For the last two years Mix was in transition away from its web roots towards being a Windows Phone Developer Conference, and I’d expected this to continue (with a name change). This wasn’t a planned thing, it was a matter of convenience. Given the planned Fall 2010 release of Windows Phone 7, a Spring 2010 developer conference made sense. And since the Windows Phone 7 app model was based on Silverlight, and its design/development environment based on the same tools as Silverlight, why not use the spring Silverlight-oriented conference as the launchpad? The schedule and justification remained the same for the Mango release and Mix’11. And so my expectation had been that Microsoft would repurpose and rename Mix and use its time slot for a new mobile developer oriented conference. That this didn’t happen is most likely another indication of the synchronization and synergy that is building between Windows Phone 8 and Windows 8. Why have a separate Windows Phone-oriented developer conference if you are going to have a common app model, tool set, etc.? Future Windows Phone-specific information should just be a track within a larger Windows developer conference.

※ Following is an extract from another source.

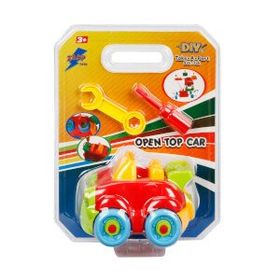 Zapp Toys 65216 Sök Tak Araba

What is bothering me right now is a timing issue. With both Windows 8 and Windows Phone 8 likely hitting RTM this summer or fall isn’t a spring developer event of some form needed? I think the answer is yes, and I can guess at how Microsoft will address this problem.
Setting up big conference is a nightmare, starting with acquiring a location. For conferences as big as PDC/Build space is such a huge problem that you generally reserve it a few years in advance. Taking a little tangent here, when I was running the Quests technical strategy process at Microsoft we had a very tight schedule that was created a year or more in advance to lock down executive calendars. The entire process had to fit between Labor Day and a set of Executive Briefings (SteveB et al) that were scheduled in December. This included a conference of the top few hundred technical leaders in the company that had to take place two or three weeks before the Executive Briefings. One year a late decision came down to hold a PDC, and the only week that a venue could be secured was the week of the Quests conference. With so many technical leaders involved in PDC we agreed to move the Quests event, but the only date in the narrow range we had to hit we could secure a venue was the same week as a big event Microsoft Research (MSR) holds in China each year. After discussing this with MSR leadership I decided we’d have to live with diminished MSR participation at the Quests event. To prevent this scenario from happening again the team behind PDC went back to reserving space for future events a few years into the future. I don’t know if they are still doing so, but it makes sense that Microsoft already has a location locked down for a potential Build conference this fall.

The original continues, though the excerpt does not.